How about orchestration? On the surface, it might appear that orchestrations only serve distinct purposes and are lousy candidates for reuse. While it's true that many workflow processes are targeted to specific projects, there are clear ways to enjoy the benefits of reuse here. To begin with, consider the means by which a message enters the orchestration. It's very convenient to define a "specify later" orchestration port on the orchestration that is inevitably bound to a physical receive port. However, this type of port tightly couples itself to the receive port and thus reduces its potential for reuse. Wherever possible, look at the Direct Binding option and move your tight coupling to the MessageBox instead of a specific receive port. With direct

binding, the orchestration simply subscribes directly on the MessageBox, so any publisher, whether a receive port or another orchestration, can flow messages into this orchestration.

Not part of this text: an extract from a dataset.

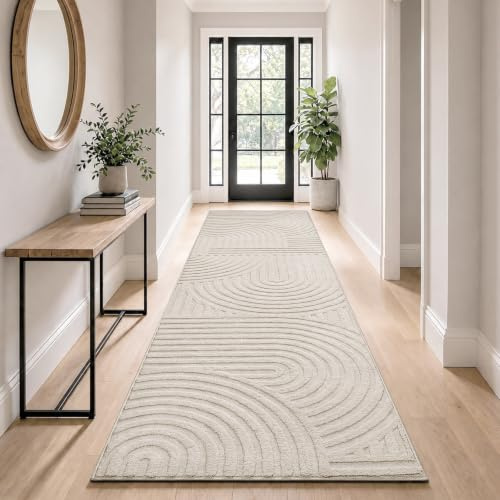 SHACOS Langer Läufer Flur 80x300 cm Teppich Läufer Waschbar Teppichläufer rutschfest Flurteppich Lang Flurläufer Teppich Flur für Küche, Eingang, Wohnzimmer, Schlafzimmer, Beige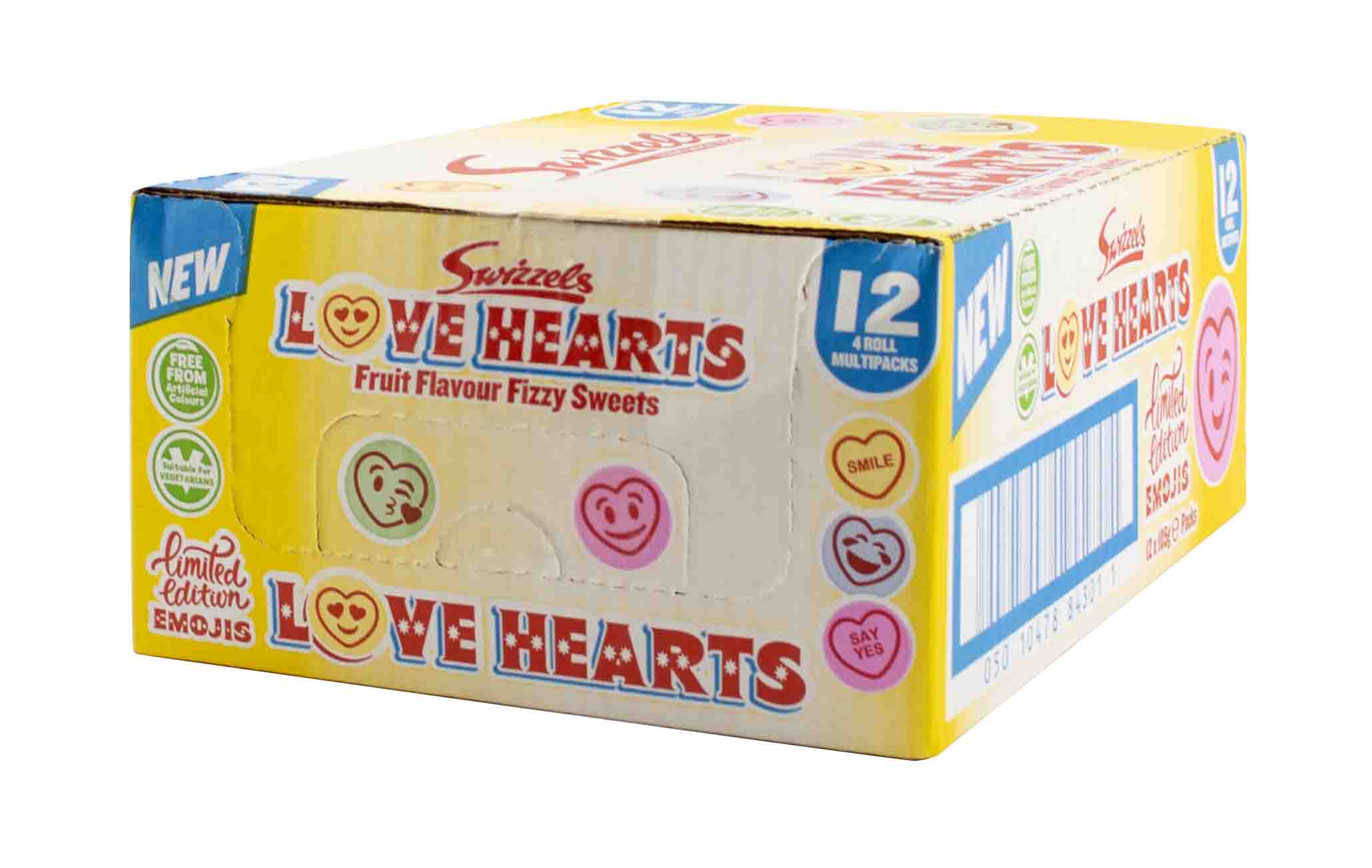 Love hearts 4er rollen – šumivé bonbóny 105g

We can also choose to perform orchestration decomposition and seek out reusable aspects of our orchestration that may serve other functions. For example, you may decide that every exception encountered across orchestrations should all be handled in the same fashion. Why build that same processing logic into each and every orchestration? Instead, you can define a single orchestration which accepts messages from any orchestration and logs the pertinent details to an exception log and optionally sends exception notifications to administrators. Our communal orchestration might accept any content and merely append the data blob to a common registry. Otherwise, the orchestration could accept a pre-defined OrchestrationException schema which all upstream orchestrations inflate prior to publishing their exception to the MessageBox. Seek out common processing logic and universal functionality that can be re-factored into a shared assembly and used across organizational projects.

Finally, let's talk about reuse in the BizTalk messaging layer. On the message receipt side, receive locations are quite multipurpose and compel no specific data format on the messages they absorb. If I define a FILE receive location, there is absolutely no reason that such a location couldn't be used to take in a broad mix of message types. However, let's be realistic and consider a case where a particular receive port is bound to a specific orchestration. This orchestration processes adverse events that have occurred with our medical products. The orchestration expects a very specific format which fortunately, the initial service consumer adheres to. Inevitably, the next consumer isn't so accommodating and can only publish a message shaped differently than what the orchestration expects. Do we need to start over with a new orchestration? Absolutely not. Instead, we can reuse the exact same receive port, and even offer to add a new receive location if the existing service endpoint is inaccessible to the new client. To support the incompatible data structure, a new map which converts the client format to the orchestration format can be added to the receive port. In this scenario, the orchestration was completely reusable, the receive port was reused, and optionally, the single receive location may have been reused.

On the message transmission side, BizTalk send ports also offer opportunities for reuse. First off, send port maps allow for a mismatched collection of messages to funnel through a single endpoint to a destination system. Let's say I have a solitary send port that updates a company's social events calendar through a service interface. Even though party notices come from varied upstream systems, we can flow all of them through this sole send port by continually affixing new maps to the send port. We don't need a new send port for each slightly different message containing the same underlying data, but rather, can aggressively reuse existing ports by simply reshaping the message into an acceptable structure. Secondly,

BizTalk allows us to define dynamic ports, which rely on upstream processes to dictate the adapter and endpoint address for the port. A single dynamic port might be used by countless consumers who rely on runtime business logic to determine where to transmit the data at hand. Instead of creating dozens of static send ports, which are solely used to relay information (i.e, no mapping), we can repeatedly reuse a single dynamic send port.